New research from the Cambridge Centre for Alternative Finance reveals that cryptocurrency coin mixer usage surged in 2025 to its highest level since 2022. The resurgence followed the lifting of U.S. sanctions against Tornado Cash in March 2025. While usage rebounded overall, most transaction volume has migrated to newer, more compliant protocols like Railgun, which now dominates the market. Data suggests a significant portion of mixer activity remains illicit, with users exhibiting faster transaction patterns to avoid detection.
Usage of coin mixers has reached its highest level since 2022. Researchers Wenbin Wu and Keith Bear reported that transactions have been rising since the 2022 Tornado Cash ban, as users migrated primarily to more compliant platforms.
Total mixer transactions rose to approximately 32,000 in 2025. This compares with roughly 38,000 in 2022, while daily numbers climbed close to 300 late last year.
Railgun now accounts for 71% of all activity.

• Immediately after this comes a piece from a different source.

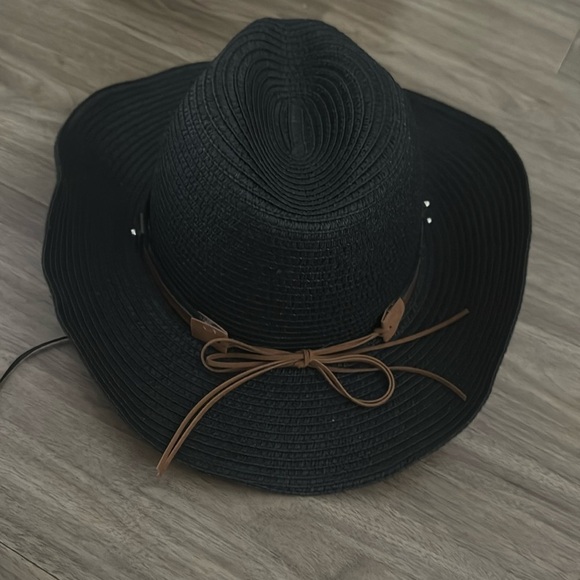 Accessories - Hat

It is followed by Tornado Cash at 25% of transactions and Privacy Pools at 5%.
Both Railgun and Privacy Pools use systems to screen deposits against known blacklists. The report notes these blacklists are updated dynamically as new illicit addresses are identified.
Most transactions now occur within 24 hours of wallet creation. “Such fast behaviour is consistent with users seeking to avoid identification, a profile more likely to include illicit actors,” the researchers stated.
Deposits from centralized exchanges virtually vanished after the 2022 sanctions. Now, 95% of all funding to mixers comes from unlabelled sources with no recorded entity associations.
“Legitimate motivations for using privacy tools include personal financial privacy, protection from targeting, and commercial confidentiality,” said Wenbin Wu. He is a Research Associate at the University of Cambridge’s Cambridge Centre for Alternative Finance.
Wu emphasized that blockchains are “radically transparent,” leading legitimate users to seek mixers. He said sanctions primarily deterred compliant users while illicit actors adapted to alternative platforms.
A 2025 paper from researchers at the University of Birmingham and the University of Sydney found hackers used Tornado Cash in 78% of Ethereum-related security incidents during the sanctions period. That paper is available online. However, a Federal Reserve Bank of St Louis paper concluded only 30% of Tornado Cash traffic could be shown as illegitimate.